How to Prioritize Features
The biggest priority of product managers is to deliver value and satisfaction to the customer. Some are more important than others and so when we’re inevitably limited by resources, we must decide which ones are more crucial to create.
Deciding what’s more important isn’t easy, though. Prioritization can be rather challenging, with diverse opinions coming from all angles. Prioritization frameworks can help us to effectively filter through the many feature requests to pick those that tie to our strategy and make the best use of our resources. We briefly describe some of such used by successful managers in this article.
Kano Model
With this framework, the basis of prioritization is how much features satisfy the customer. It plots customer satisfaction against implementation to give the following major categories:
Basic features – These are product must-haves. Customers consider them compulsory. Satisfaction doesn’t increase much, if at all, when we put more effort into building them.
Performance features – These are features that lead to a commensurate increase in customer satisfaction as we invest more effort or money in them. The higher the investment, the higher the delight.
Excitement features or delighters – Customers won’t mind if we don’t provide these features. But they result in a dramatic boost in customer delight when we make them available. A little investment produces a much more significant increase in satisfaction and, possibly, our customer base.
The category a feature belongs to determines where it falls in the order of priority – delighters are quite important. A customer questionnaire will help to figure this out.
Value vs. Effort
This strategy uses the value of each feature for prioritization. Value, in this case, includes potential benefits to our target market and the possible impact for our business in terms of goals and revenue boost.
This value is assessed against the difficulty of implementation. How difficult would it be to build the feature? What would it cost us and what are the risks involved?
Initiatives that have high value while requiring the least effort get the highest priority on our roadmap. Conversely, those with low value and needing the highest effort will be at the bottom of our ranking. It’s that simple.
Weighted Scoring
Compared to the Value vs. Effort framework, weighted scoring adds more objectivity to our feature assessment. It allows us to score initiatives based on some pre-agreed criteria of what’s relevant.
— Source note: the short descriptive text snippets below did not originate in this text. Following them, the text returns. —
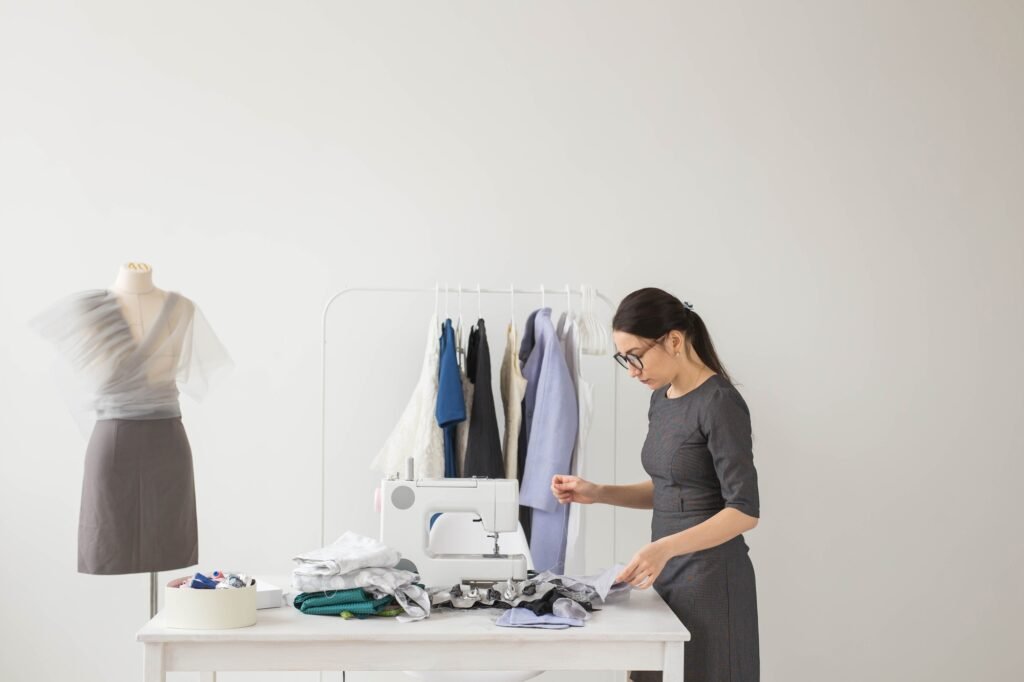 People and fashion concept - Young dressmaker woman sews clothes on sewing machine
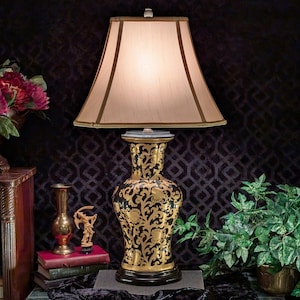 May include: A decorative table lamp with a beige lampshade and a black and gold patterned base. The base features an ornate floral design. The lamp is on a gray surface, with a dark background and other decorative items.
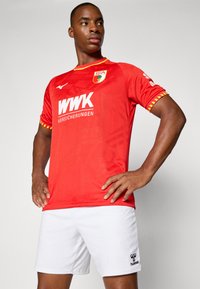 Sarkans futbola krekls ar īsām piedurknēm, ar teksturētu dizainu, balto logotipu un dzeltenām akcentiem. Apvienots ar baltām šortiem un logotipa detaļu.
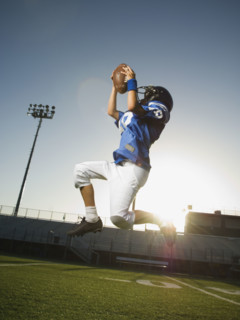 Young football player catching ball. Date : 2007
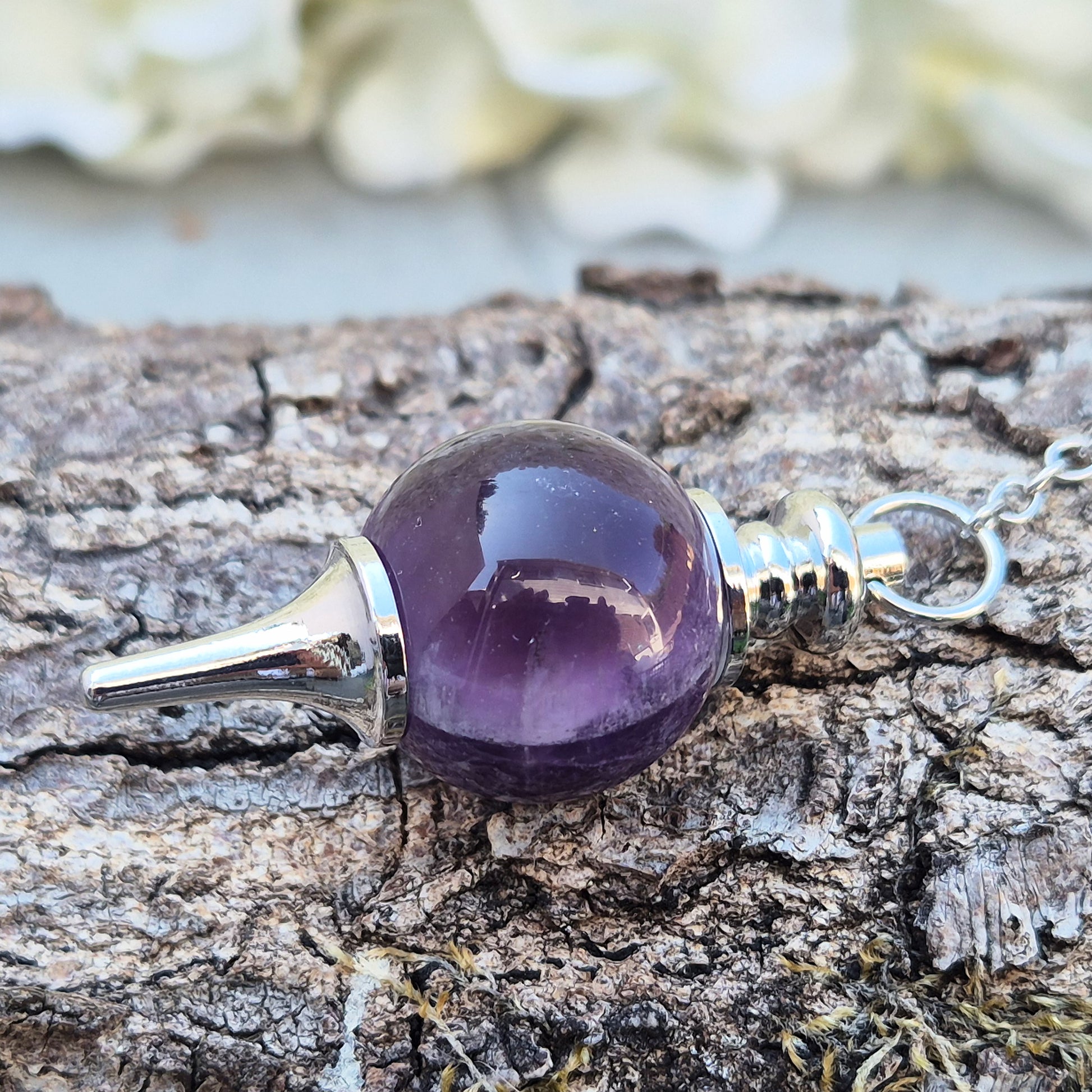 Amethyst pendulum with ball, ideal for dowsing, divination, and energy work. A beautiful tool for spiritual practice, tarot readings, and crystal healing.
This approach to prioritization facilitates discussion among team members on how best to assess features. It helps us to have unbiased conversations and has a way of adding more reliability to our product strategy.
Story Mapping
When looking to determine our MVP, this strategy will greatly be helpful. Story mapping helps to provide clarity on the customer journey and priority. The user journey is shown horizontally while the order of importance is displayed vertically, from top to bottom.
We can easily determine what needs to be tackled first and the right order to follow after mapping out user stories. This framework is quite valuable when it comes to determining what form shipping would take.
Opportunity Scoring
This framework features two axes marked Satisfaction and Importance, the factors that (together) determine what’s worth doing first.
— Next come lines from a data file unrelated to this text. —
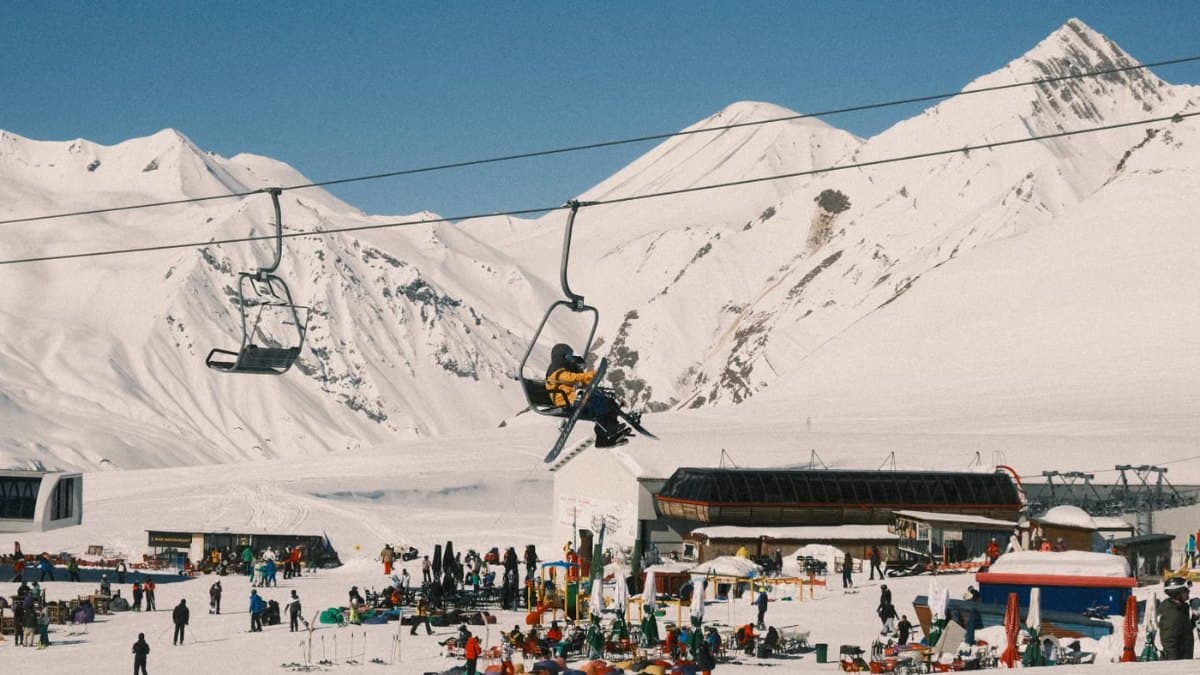 Ski resort scene with chairlift and snowy mountains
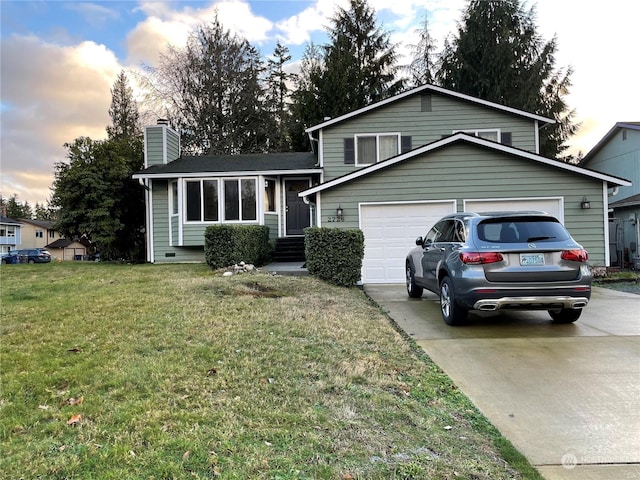 tri-level home featuring a lawn and a garage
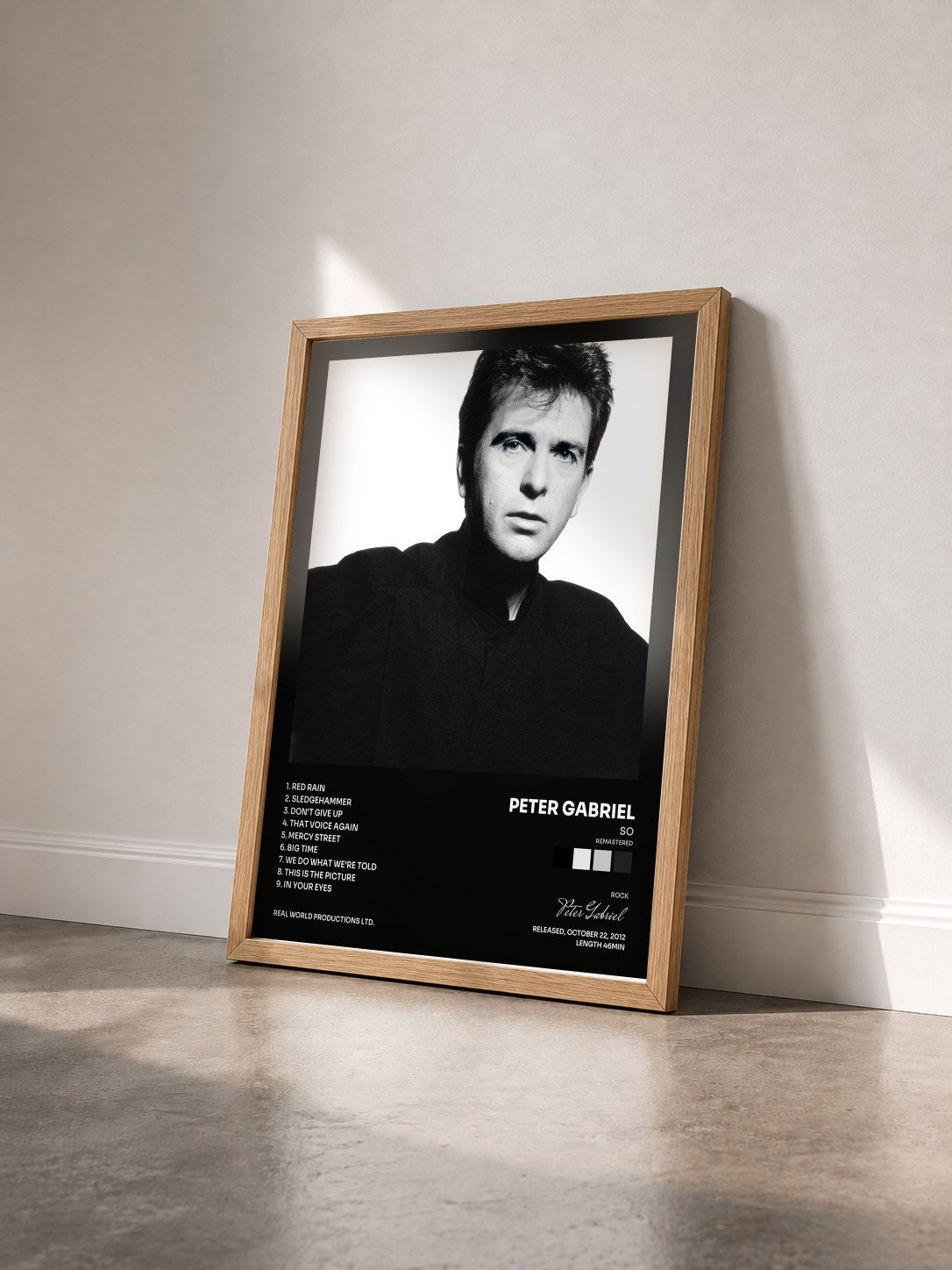 #bois Tableau de l'album So (Remastered) de Peter Gabriel vu de trois quarts, cadre en bois brut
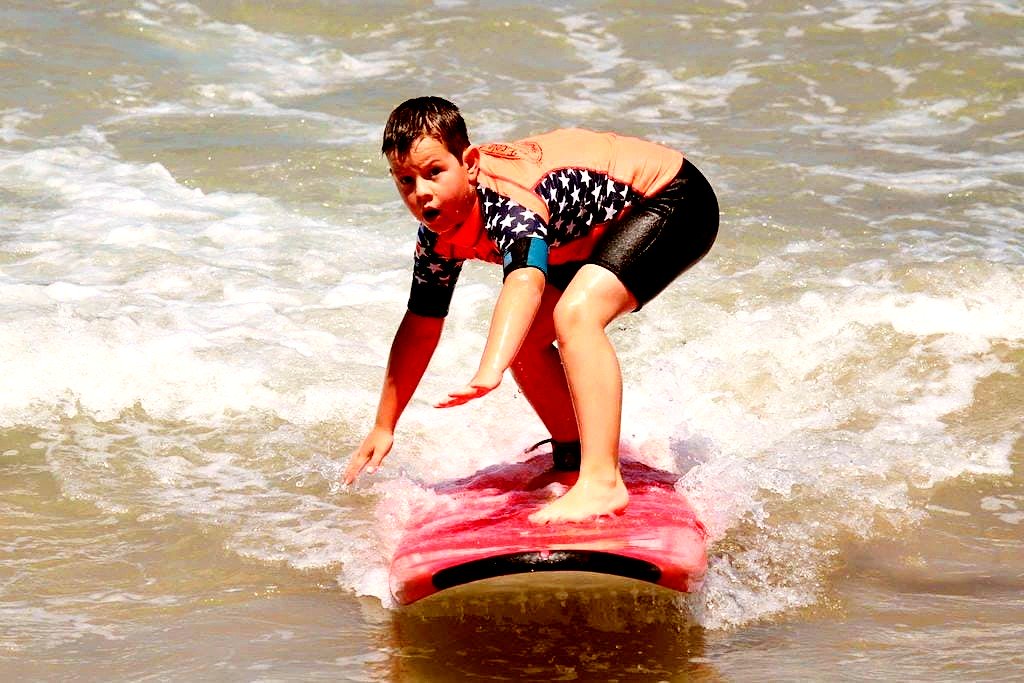 Un enfant heureux sourit pendant qu’il fait du surf à Hendaye.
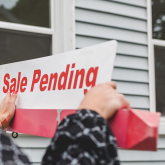 Sale pending sign in front of home.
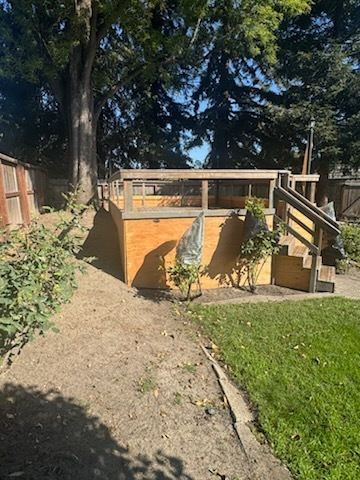 Beige barn-style building with white patches, air conditioning unit, black roof, under a blue sky.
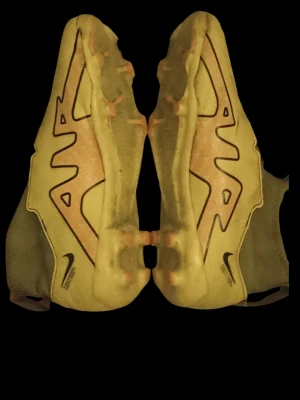Gula Nike fotbollsskor med socka - Säljer ett par gula Nike fotbollsskor med svart swoosh och integrerad socka för extra stöd runt ankeln. Skorna har en slimmad design, mönstrad sula för bra grepp och elastisk plös. Perfekta för dig som vill sticka ut på planen.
With opportunity scoring, we list out potential outcomes of features we have in the pipeline. Then we ask customers to rate on a scale how important they consider each outcome or feature and how satisfied they are with existing solutions. Next, we plot features on a chart based on the responses for easy visualization.
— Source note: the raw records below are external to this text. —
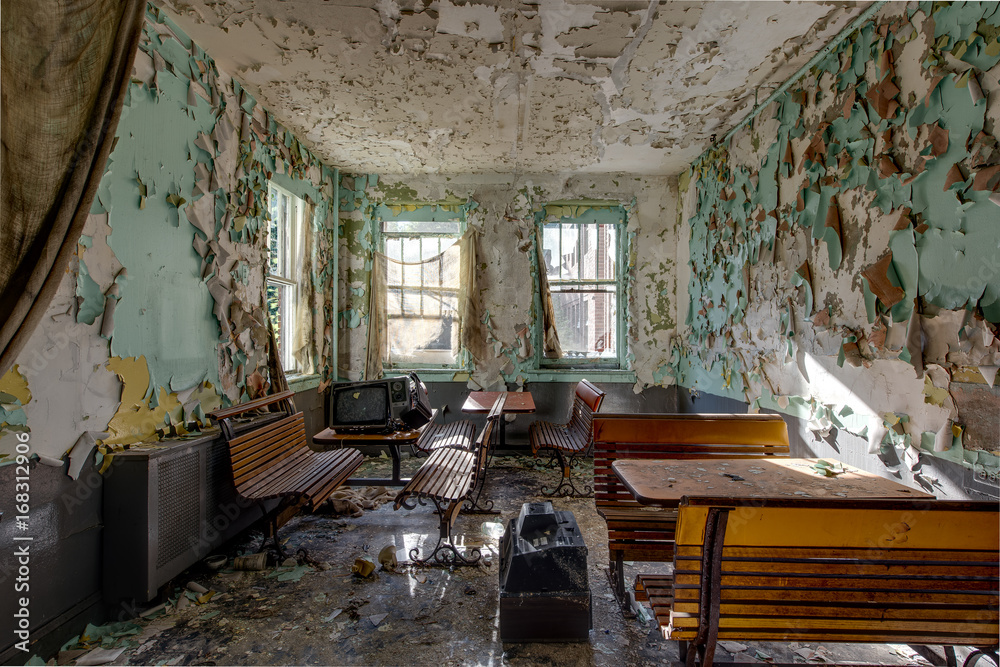 Naklejka premium Wooden Cafeteria Seats - Abandoned Hospital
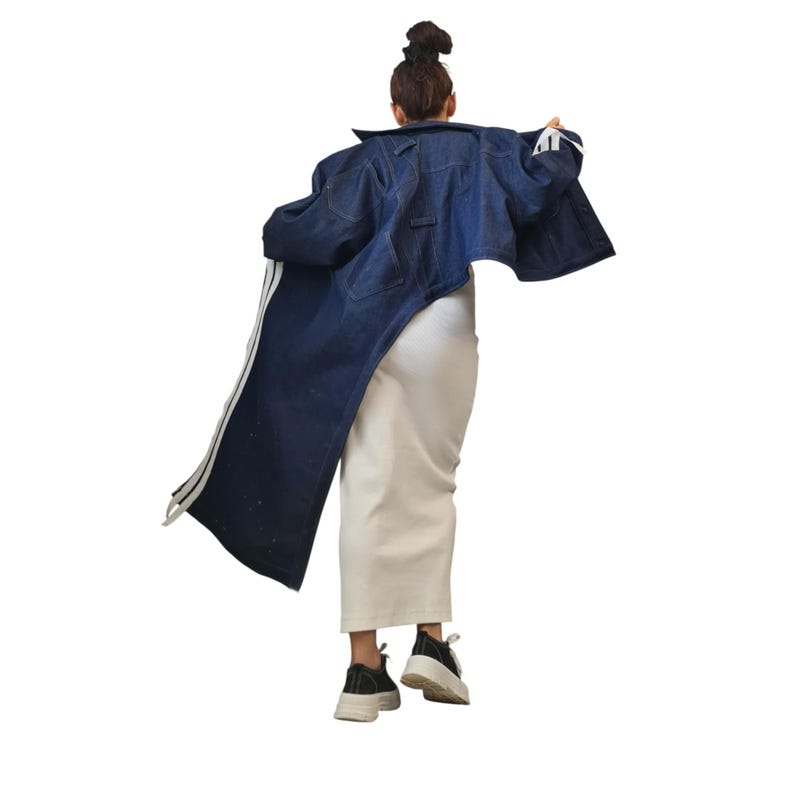 May include: A dark blue denim jacket with white stripes down the side. The jacket is long and oversized, with a classic collar and button closure. The person is wearing a white skirt and black sneakers.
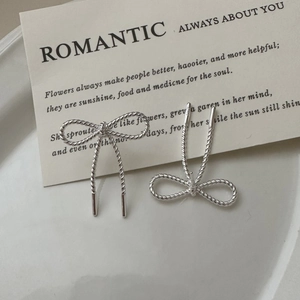 S925 sterling silver bow earrings with twisted rope texture in a minimalist retro style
Features having high importance but current low satisfaction should rank higher in our assessment.
Buy a Feature
If you wish to make prioritization even more exciting, this approach will help. Buy a Feature is an innovation game. Participants – customers and/or other stakeholders – get the same amount of money to spend on features they want the most.
Before the game, we develop a list of features and attach a “price” to each based on related costs. Participants are free to select whatever number of features their money can buy. Some won’t mind spending everything on one or two based on how important they consider those features.
We then re-arrange our list of features after the game is over, according to how much was spent on each. We can also interview participants to understand why they bought certain features instead of others.
Tips for Prioritizing Effectively
To be more efficient in prioritization, here are some key points to keep in mind:
- Prioritizing features is a task for the team, not something exclusively for product managers. Making it a team activity gives us diverse perspectives and simplifies bringing everyone on the same page.
- Less complexity isn’t necessarily better. A feature being easy to implement isn’t a good enough reason for it to rank highly. How well it ties into our product strategy is more important.
- Competition shouldn’t determine what’s more important. Our decisions should not be based just on rival products but more on research, innovative ideas, and proper validation.
- Seek to understand value. We need to know what value features offer customers, based on research, to prioritize well.
- Use themes. Rather than listing out all features, we should keep things more at a high level. Initiatives are better grouped in strategic themes for better prioritization.